Three years ago I was DJing at the pill at Great Scott, two days after Patrick Kane scored an overtime goal in Game 6 of the 2010 Stanley Cup Finals that gave his Chicago Blackhawks the series win over the Philadelphia Flyers. I knew Flyers mega-fan Paul Driscoll, then of WFNX and now of RadioBDC, was in the room hanging out and having a beer.
So I decided to rub in the Philly loss by spinning the Blackhawks’ rowdy goal and victory song, a 2006 semi-hit called “Chelsea Dagger” by Scottish indie rock band the Fratellis. It wasn’t out of the ordinary — we’d spin it occasionally when it was released a few years earlier.
Roughly 20 seconds in, however, a PBR can whizzed across the dance floor and smashed into the brick wall behind me, missing my face by about a foot. Driscoll was pissed.

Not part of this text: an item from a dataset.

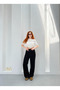 Women's Black High Waist Lace-Up Muslin Trousers Sr5200 - 3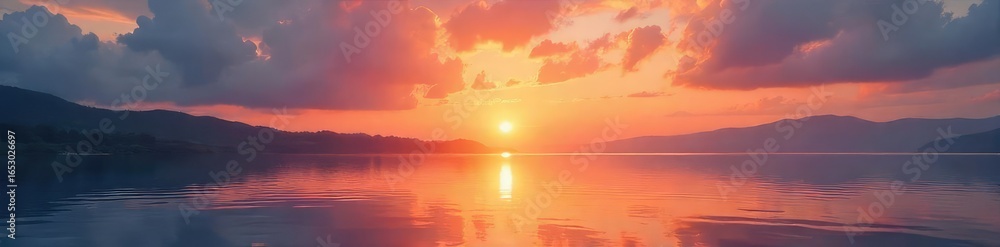 Fototapeta premium Serene sunrise over calm water, reflecting the promise of a new day; a peaceful scene evoking feelings of hope and tranquility , meditation, quiet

Hearing “Chelsea Dagger” over the next fortnight should elicit a similar reaction from fans of the Boston Bruins, who face off tonight against the ‘Hawks in Chicago for Game 1 of the 2013 Stanley Cup Finals. Every fucking time the Blackhawks score a goal — whether it be Kane, or Jonathan Toews, or Patrick Sharp, whoever — the Madhouse on Madison, the United Center, will blare that song until your black and gold ears bleed.
And they fire it up again after every home victory.
It’s an unlikely choice for a team song, as the Fratellis, a trio that take their name from the criminal family in The Goonies, gained some popularity around 2006 with the release of debut record Costello Music. Before the Hawks adopted “Chelsea Dagger” a few years ago, they were only really known in stateside for their other song, “Flathead,” which appeared in an iPod commercial.
The track also appeared in am Amstel Light campaign around 2008, and outside the US, “Chelsea Dagger” is an arena and stadium favorite. Says wiki: “Chelsea Dagger” has been played over stadium sound systems before and after many football matches, and has frequently been played at other sporting events as well. League One side Yeovil Town play the song after a goal is scored at their stadium Huish Park. Since moving to the Juventus Stadium in 2011, Italian Serie A side Juventus F.C. does the same, as does Scottish First Division outfit Raith Rovers. English Championship side Nottingham Forest, who have used it for quite sometime as well as Perth Glory in the Australian Hyundai A-League.
For the next few weeks, however, it’s going to be the most hated song in Boston, and bound to draw the ire of Bruins fans from Allston to Amherst. And if you’re a DJ, avoid spinning it at your party — you might get hit with a flying PBR can.